D. Diamantino Antunes, Bispo de Tete, embora ausente do país por motivos de saúde, está também a acompanhar a par e passo a evolução do ciclone, até porque a sua diocese também foi atingida. Ao telefone, explicou à Fundação AIS que, no entanto, que “o mais dramático” ocorreu em Quelimane, na província da Zambézia. Apesar da dificuldade das ligações telefónicas, conseguiu falar com D Hilário na manhã de ontem, terça-feira.
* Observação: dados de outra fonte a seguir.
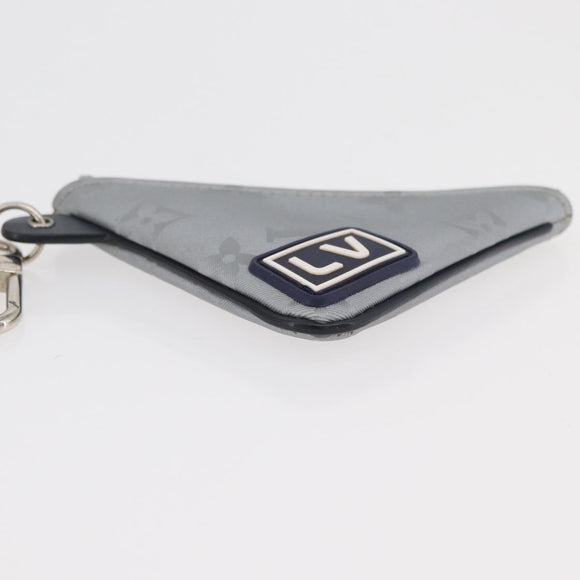 LOUIS VUITTON Monogram Satellite Porte Cles Charm Silver MP2217 LV Auth 167268M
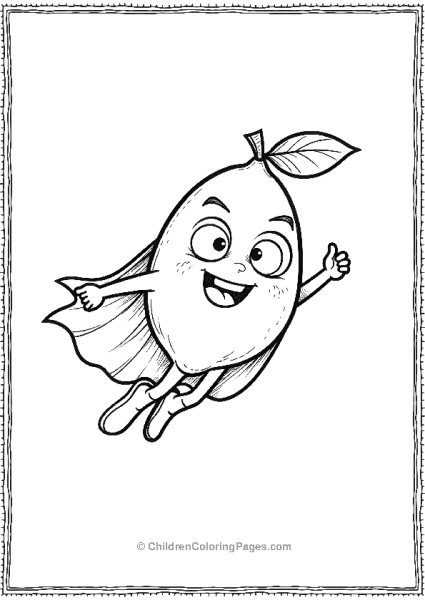 Lemon Super Hero Free PDF Printable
“Ele disse-me que a destruição na cidade de Quelimane é muito grande. A residência episcopal ficou sem tecto”, relatou à Fundação AIS, acrescentando que as populações locais estavam a viver uma situação muito delicada. “Há falta de comida e de água potável, para além da escassez de abrigos, na sequência da destruição de casas ou de tectos. Permaneçamos unidos com os nossos irmãos da Zambézia, sem excluirmos a possibilidade de levar-lhes algum apoio material”, acrescentou D. Diamantino Antunes.

Um país de rastos

A passagem por Moçambique de fenómenos meteorológicos extremos, que ocorriam normalmente com seis ou sete anos de intervalo, são agora cada vez mais frequentes dadas as mudanças climáticas que se estão a verificar um pouco por todo o planeta. Em Moçambique, estas ocorrências vêm acentuar ainda mais a já profunda pobreza em que se encontra o país. “Uma tempestade tropical como esta e sobretudo as enxurradas, coloca o país de rastos”, explicou D. Diamantino. “São as infraestruturas, pontes, estradas cortadas, o sistema da rede eléctrica e telefónica é muito frágil, não aguentam, e depois não há alternativas, porque as estradas são aquelas e o país fica dividido em dois, basta uma ponte desabar numa estrada nacional que liga o sul ao norte, para o país ficar partido em dois.”

A chaga do terrorismo

De facto, para um país tão pobre como Moçambique, e também assolado pela violência do terrorismo, especialmente na região norte, na província de Cabo Delgado, a frequência com que estão a verificar-se estes fenómenos climatéricos extremos é muito preocupante. Ainda em Janeiro do ano passado, a tempestade tropical Ana atingiu o centro e norte de Moçambique causando cerca de duas dezenas de mortos e afectando milhares de pessoas.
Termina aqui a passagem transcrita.